Figure 1-17 Proximal end of the humerus of a cow, sec­tioned sagittally, as an example of the architecture of spongy bone.

long bone. The analogy is not exact—for a start, bone is a composite material—but it is useful as a first approach. The diagram (see Figure 1-16) shows that the lines of principal compressive and tensile stress intersect in orthogonal fashion toward the extremities of the model; the spongy architecture of a bone closely mimics the theoretical pattern. Indeed, the pattern of trabecu­lar bone has been described as the crystallization of the lines of stress, which is an attractive if faulty metaphor. Because the more detailed analysis of the spongy archi­tecture (Figure 1-17) introduces matters that are both complicated and controversial, it is probably wiser to leave discussion to the specialist.

Compact bone is a plastic, composite material of considerable strength, capable of sustaining and recov­ering from considerable deformation. When bent, the lamellae and osteones of which compact bone is con­structed first shear past each other; if bent too far, a crack appears at right angles to the line of shear and then quickly spreads to create a brittle fracture. Most fractures are caused by excessive bending, which stresses both aspects of the bone approximately equally. Since the side under tensile stress generally fails first, this indicates that compact bone is better able to resist com­pression. However, spongy bone is commonly crushed and impacted by compression.

Some Specialized Varieties of Bones

Bones are often found within tendons (rarely within ligaments) where they change direction over promi­nences that would expose them to excessive pressure and friction. These bones, known as sesamoid bones, form regular synovial joints with the major bones with which they are in contact.
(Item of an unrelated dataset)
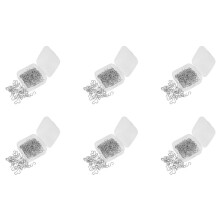 900 Pieces S Hooks Connectors Metal S-Shaped Wire Hook Hangers for DIY Crafts, Hanging Jewelry, Key Chain and Tags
In addition to preventing tendon wear, a sesamoid bone displaces the tendon farther from the axis of the adjacent joint and so serves to increase the leverage exerted by the muscle. The best- known example is the patella (kneecap) that forms in the principal muscle that extends the stifle joint (the name given to the knee of quadrupeds) (see Figures 2-63 and 17-3). In the dog, smaller sesamoids also develop in muscles behind the stifle, in the tendons passing behind the metacarpophalangeal joints (at the bases of the digits), and in the extensor tendons within the digits (see Figure 1-9). The chief practical impor­tance of these and other lesser sesamoids lies in the risk of their being wrongly identified as chip fractures when they are depicted in radiographs. In large animals, one or more additional sesamoids form dorsal to the deep flexor tendon shortly before its insertion on the distal phalanx (or phalanges). In the dog the reaction is limited to the development of a nubbin of cartilage in each branch of the tendon.

Although sesamoids are a device to protect tendons from injury, the major sesamoids develop in the embryo before movement is possible, and their origin must therefore be genetically determined. They do not reform after extirpation when the limb is immobilized but only if movement is allowed; this indicates that they can also develop in reaction to an appropriate stimulus in the lifetime of the animal.
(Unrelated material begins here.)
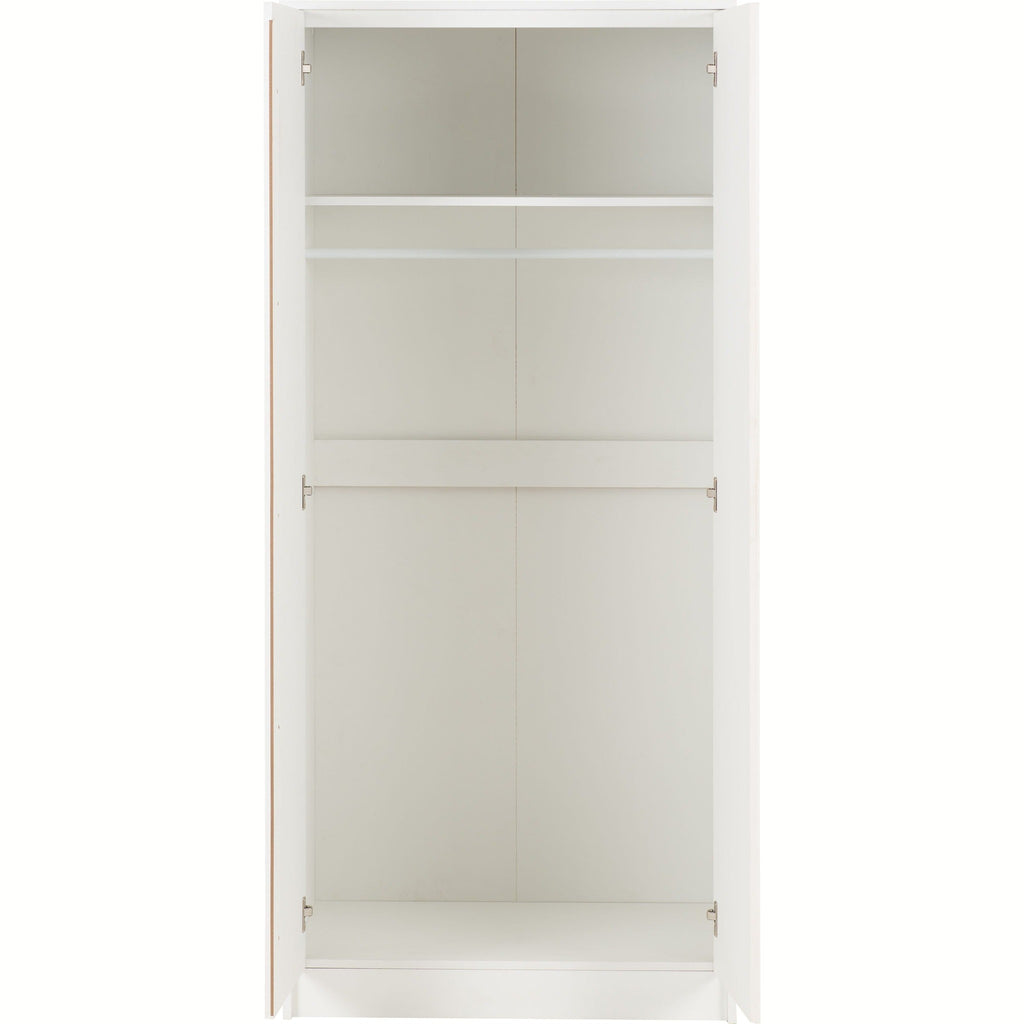Malvern 2 Door Wardrobe - White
Splanchnic bones develop in soft organs, remote from the rest of the skeleton. The most familiar, indeed the only significant, examples in veterinary anatomy are the os penis (and the female equivalent, os clitoridis) of the dog and cat and the ossa cordis found in the heart, especially in the hearts of ruminants.
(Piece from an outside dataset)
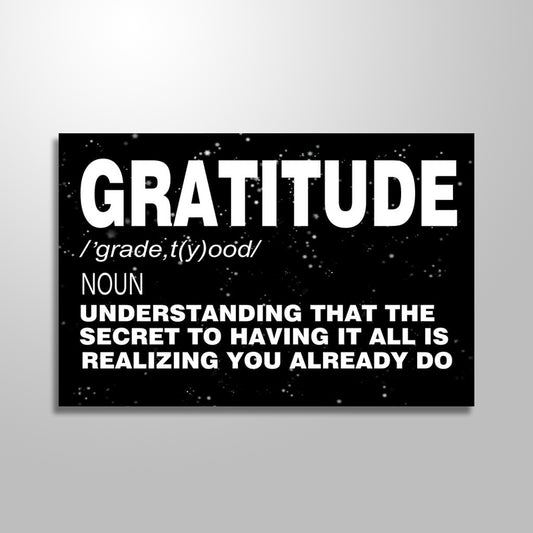 GRATITUDE freeshipping - Wall Agenda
Certain bones are excavated to contain air spaces. In mammals, these pneumatic bones are confined to the skull and contain the paranasal sinuses, which commu­nicate with the nasal cavities. The sinuses principally develop after birth, when outgrowths of the nasal mucosa invade certain skull bones and replace the diploe, the spongy bone between the outer and inner layers (“tables”) of compacta. The separation of the tables can be very considerable and can lead to a remark­able postnatal remodeling of the skull, best exhibited by cattle and pigs. The postcranial skeleton of birds devel­ops an extensive system of air-filled cavities in commu­nication with the respiratory organs.